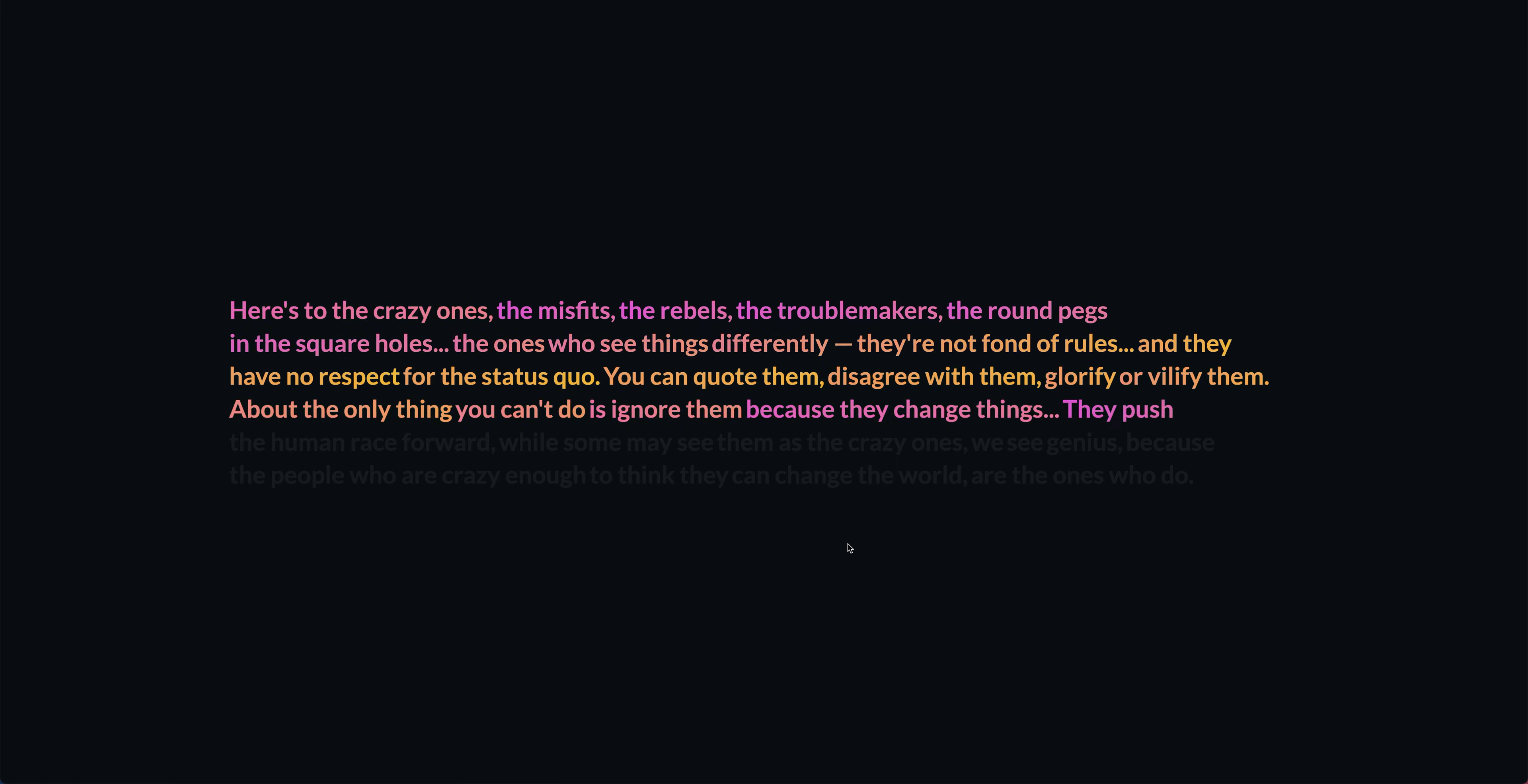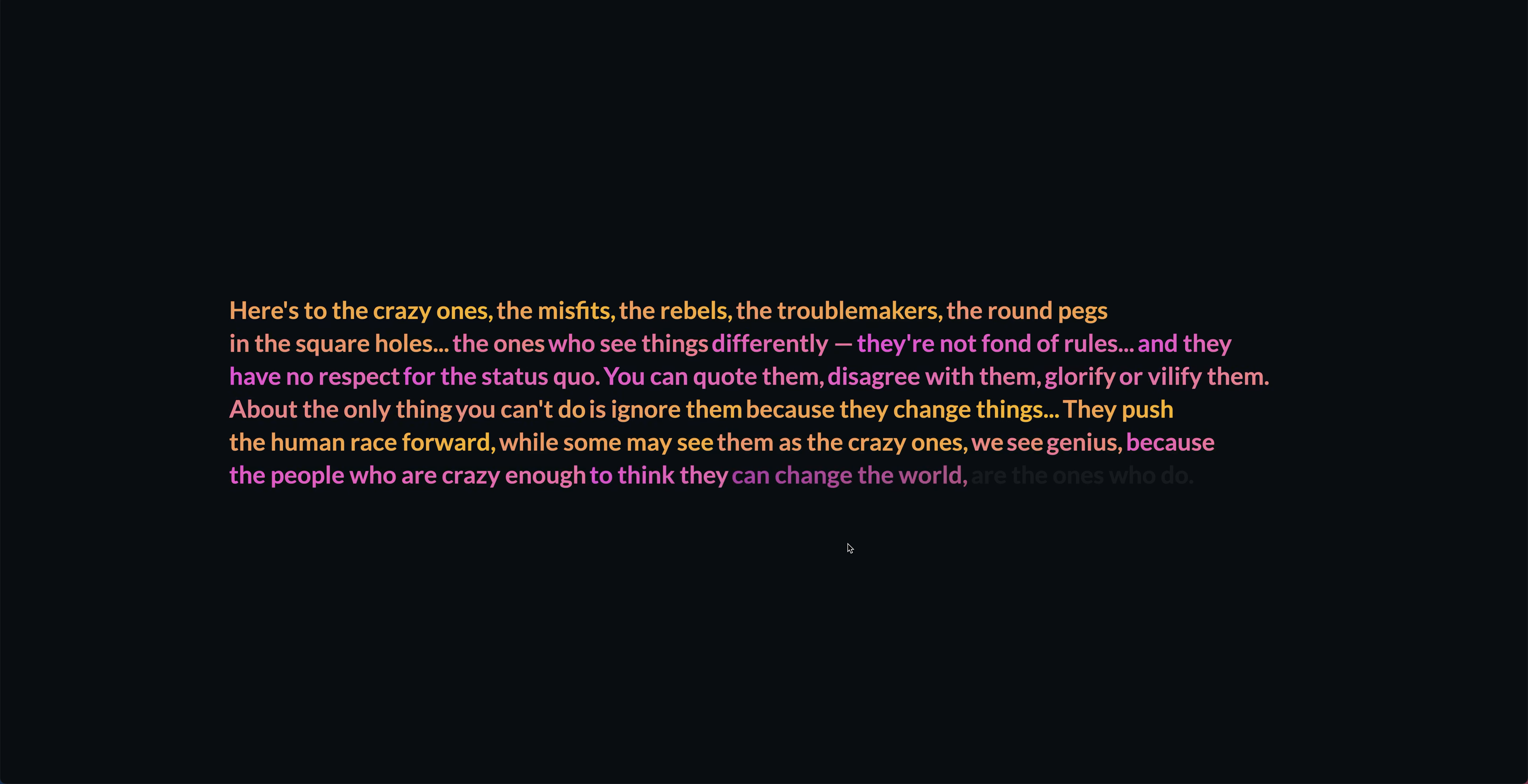They push the human race forward. While some may see them as the crazy ones, we see genius. Because the people who are crazy enough to think they can change the world are the ones who do.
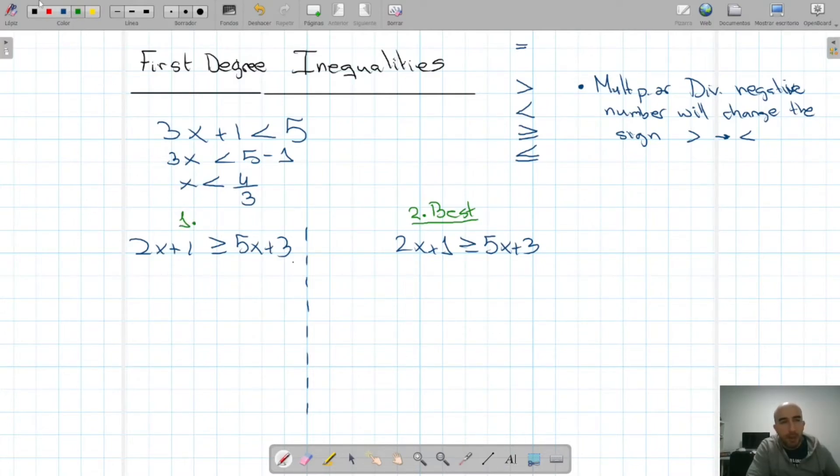The first way: move all x's to the left and make x the subject on the left. Numbers to the right, x's to the left. We observe that the x's are greater on the right, not on the side where we're moving them. So 2x minus 5x is greater or equal than 3 minus 1, giving minus 3x greater or equal than 2. We have a negative coefficient, so when we isolate x we have to change the inequality sign to less than because we're dividing by a negative number.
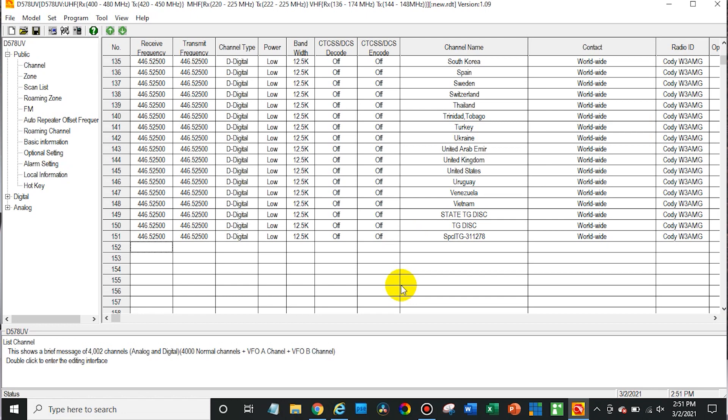Before we get started, let's first discuss how to find a talkgroup list. First up, we are going to jump into our programming software here, the CPS.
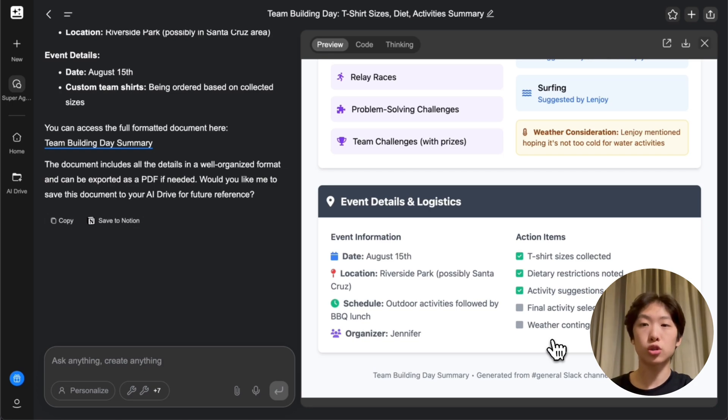And all of this was done super easily just by pulling real information from my Slack with just one prompt. Try it out for yourself today at Genspark.ai.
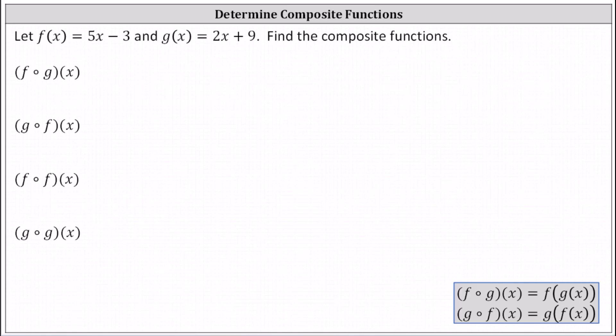Let f of x equal five x minus three and g of x equal two x plus nine. Find the composite functions.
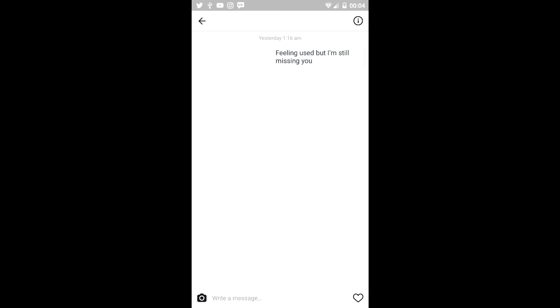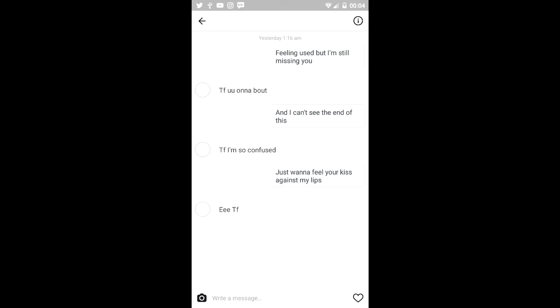Feeling used, but I'm still missing you. [Response:] The fuck you on about? When I can see the end of... [Response:] The fuck. I'm so confused. It's just want to feel your kiss against my lips. Yeah.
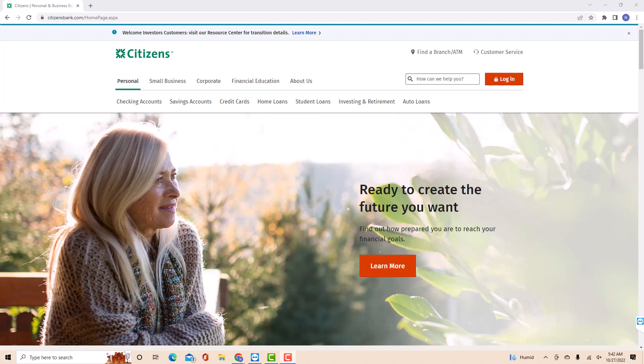Hey guys, this is Northville Tech. In this video, we're going to learn how to change your online user ID on Citizens Bank.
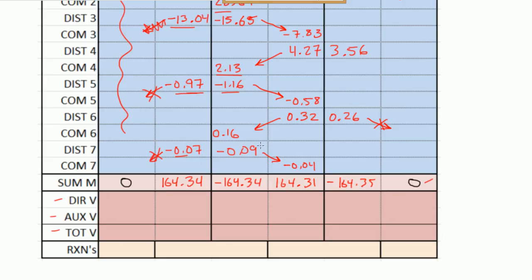Alright, so welcome back. In the last video, we figured out what the different moments were for each of the columns, and now we're going to figure out what the direct shear, auxiliary shear, and the total shear is. And then after that, we can figure out what our reactions are at joints A, B, and C.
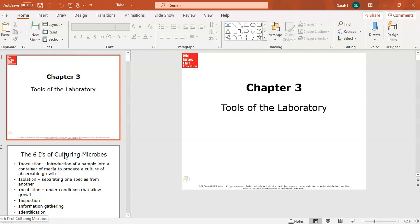Hi everyone, welcome back. We're going to be discussing Chapter 3 today, which is the tools of the laboratory. This is the second lecture for our BIO 235 course. Welcome everybody back, and great job on the discussion boards this past week. Please feel free to reach out by email or during office hours for any questions on the content we'll cover today.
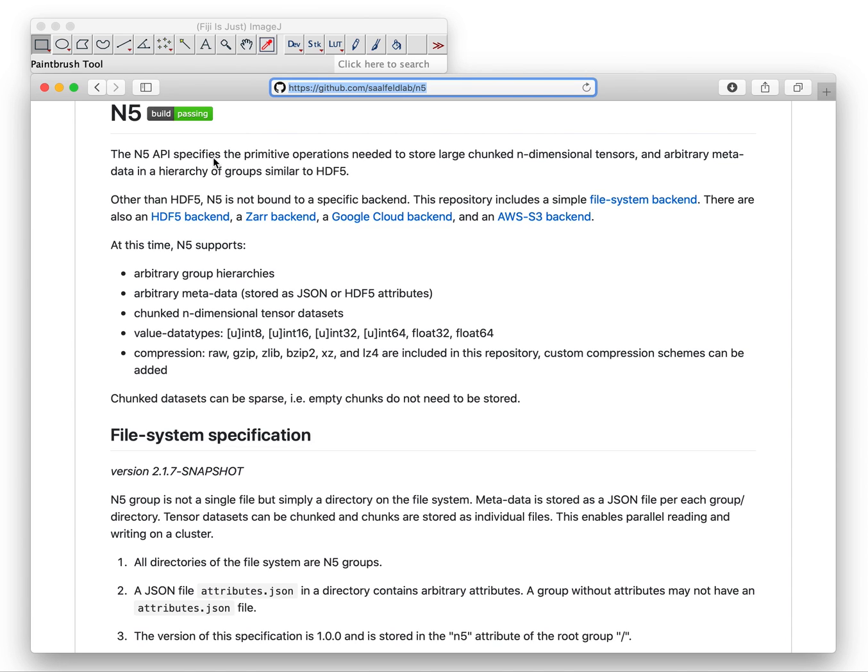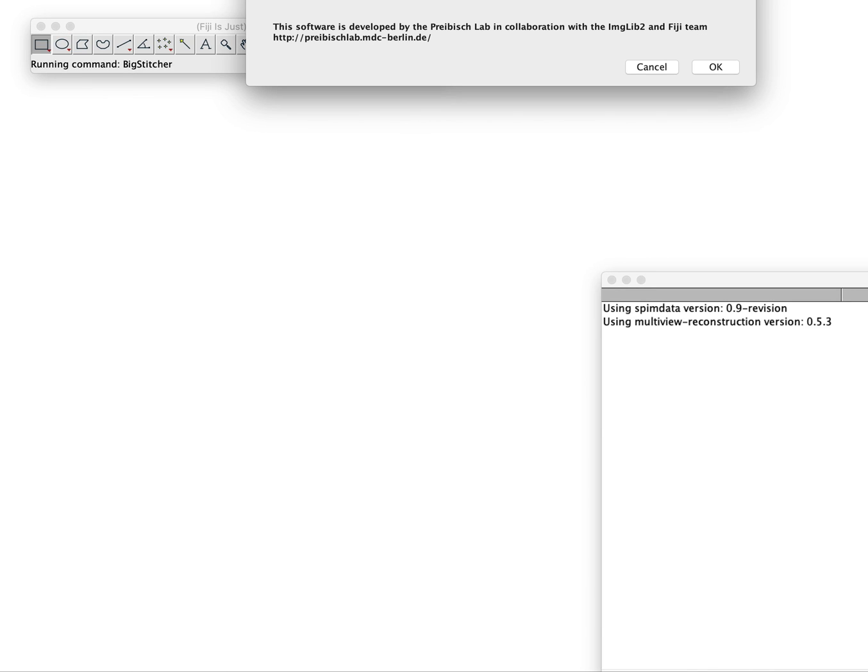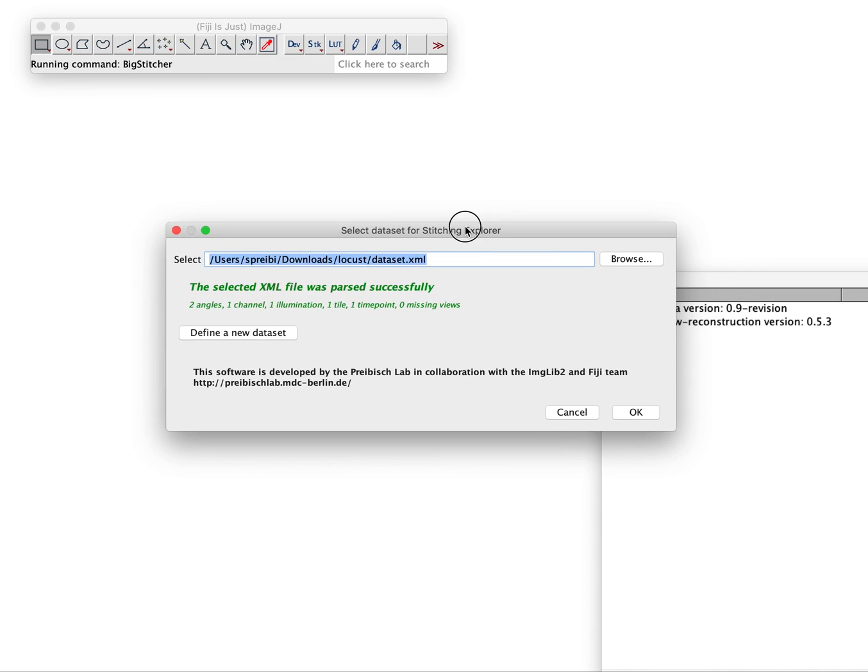The cool thing is in BigStitcher you can now choose HDF5, N5, your call. So I just wanted to show you this here. Now let's get started. We go to Plugins, BigStitcher, BigStitcher. When you define a new dataset you can choose to save it as N5 in two ways and I will show you both of them now.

■ ■ ■ ■ ■

→ Work required: Would you please print out all the records above exactly, minus any pictures?

→ Worked solution:
They push the human race forward. While some may see them as the crazy ones, we see genius. Because the people who are crazy enough to think they can change the world are the ones who do.
The first way: move all x's to the left and make x the subject on the left. Numbers to the right, x's to the left. We observe that the x's are greater on the right, not on the side where we're moving them. So 2x minus 5x is greater or equal than 3 minus 1, giving minus 3x greater or equal than 2. We have a negative coefficient, so when we isolate x we have to change the inequality sign to less than because we're dividing by a negative number.
Before we get started, let's first discuss how to find a talkgroup list. First up, we are going to jump into our programming software here, the CPS.
And all of this was done super easily just by pulling real information from my Slack with just one prompt. Try it out for yourself today at Genspark.ai.
Let f of x equal five x minus three and g of x equal two x plus nine. Find the composite functions.
Feeling used, but I'm still missing you. [Response:] The fuck you on about? When I can see the end of... [Response:] The fuck. I'm so confused. It's just want to feel your kiss against my lips. Yeah.
Hey guys, this is Northville Tech. In this video, we're going to learn how to change your online user ID on Citizens Bank.
Alright, so welcome back. In the last video, we figured out what the different moments were for each of the columns, and now we're going to figure out what the direct shear, auxiliary shear, and the total shear is. And then after that, we can figure out what our reactions are at joints A, B, and C.
Hi everyone, welcome back. We're going to be discussing Chapter 3 today, which is the tools of the laboratory. This is the second lecture for our BIO 235 course. Welcome everybody back, and great job on the discussion boards this past week. Please feel free to reach out by email or during office hours for any questions on the content we'll cover today.
The cool thing is in BigStitcher you can now choose HDF5, N5, your call. So I just wanted to show you this here. Now let's get started. We go to Plugins, BigStitcher, BigStitcher. When you define a new dataset you can choose to save it as N5 in two ways and I will show you both of them now.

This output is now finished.